Paper ID:1907
Title: Fast Kernel Learning for Multidimensional Pattern Extrapolation
Current Reviews

Submitted by Assigned_Reviewer_21

Q1: Comments to author(s). First provide a summary of the paper, and then address the following criteria: Quality, clarity, originality and significance. (For detailed reviewing guidelines, see http://nips.cc/PaperInformation/ReviewerInstructions)
The authors combine two recent advances in Gaussian processes, spectral mixture kernels [5], and scalable Gaussian processes for data in grids [14, 22 see below], in order to tackle applications with high amount of data points, like texture extrapolation, inpainting, and video extrapolation. The paper includes a thorough evaluation of the framework proposed, and comparisons against sparse GP methods, with general purpose covariance functions, and spectral mixture kernels.

Quality

The paper is technically sound. The framework proposed by the authors achieves outstanding results in the different applications studied in the paper. The authors claim that they relax the grid assumption, by completing with imaginary observations. It is important to discuss this issue when each of the experiments is being introduced. The imaginary observations are mentioned in section 2.1 and hardly ever mention again. How would the method work in higher dimensional settings (greater than three)? How prone to overfitting is the method? What are the weaknesses of the method?

Clarity

The paper is clearly written and well organized.

Originality

As the authors clearly stated it, the framework proposed is a combination of the spectral mixture kernels, and fast Gaussian process regression on grids. From this point of view, the novelty of the method is incremental.

Significance

I must say that the quality of the results obtained by the proposed method is impressive. The method beats any other of the GP alternatives. I wonder how methods in the image inpainting related literature would compare against the ones presented by the authors.

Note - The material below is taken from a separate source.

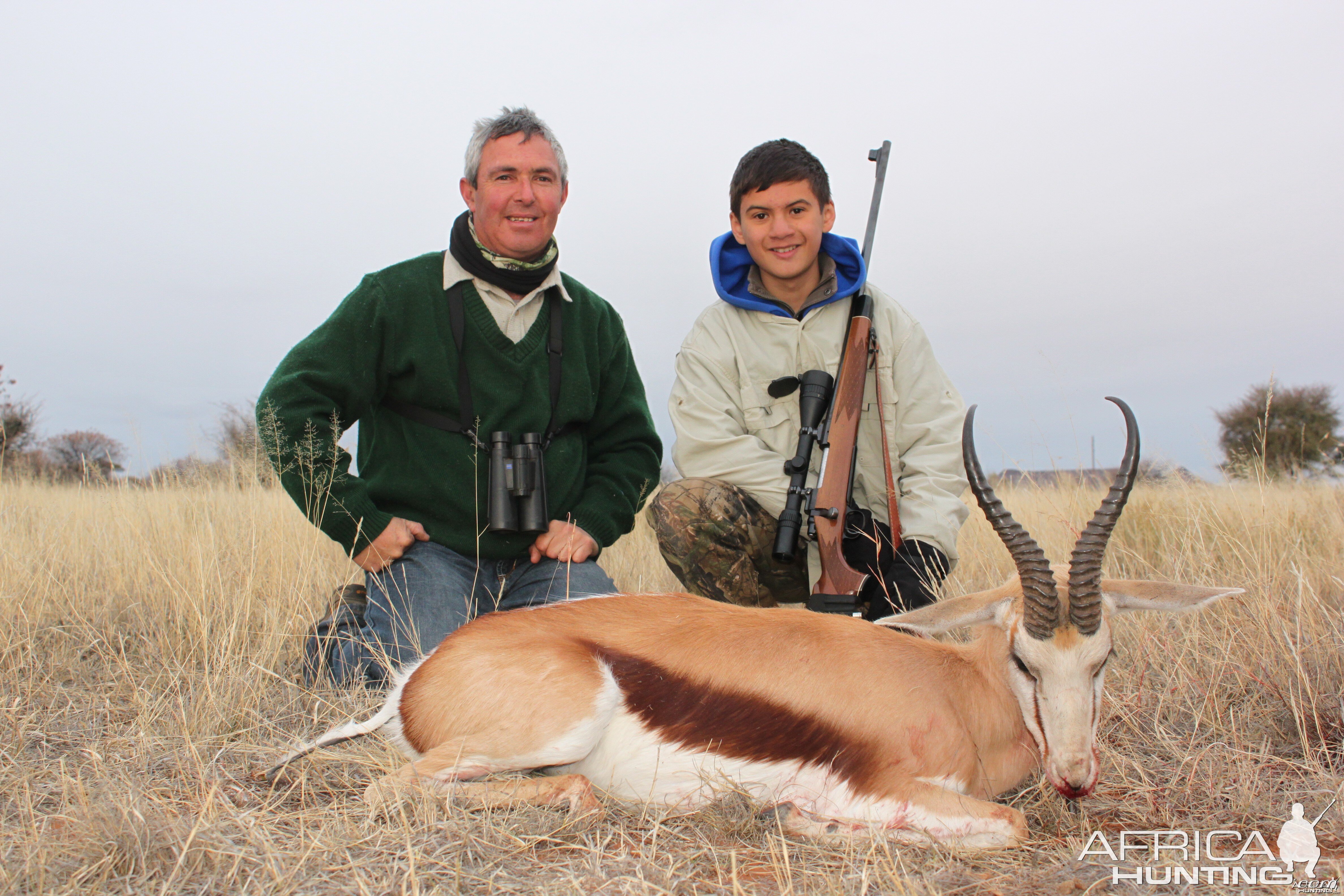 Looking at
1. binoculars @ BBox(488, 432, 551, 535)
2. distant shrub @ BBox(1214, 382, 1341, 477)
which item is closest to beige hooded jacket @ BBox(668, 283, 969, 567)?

[22] Yuancheng Luo and Ramani Duraiswami (2013): Fast Near-GRID Gaussian process regression, at AISTAST 2013.
Q2: Please summarize your review in 1-2 sentences
A straightforward combination of fast Gaussian process regression on grids using spectral mixture kernels, with outstanding results on several (and difficult) examples.

Submitted by Assigned_Reviewer_24

Q1: Comments to author(s). First provide a summary of the paper, and then address the following criteria: Quality, clarity, originality and significance. (For detailed reviewing guidelines, see http://nips.cc/PaperInformation/ReviewerInstructions)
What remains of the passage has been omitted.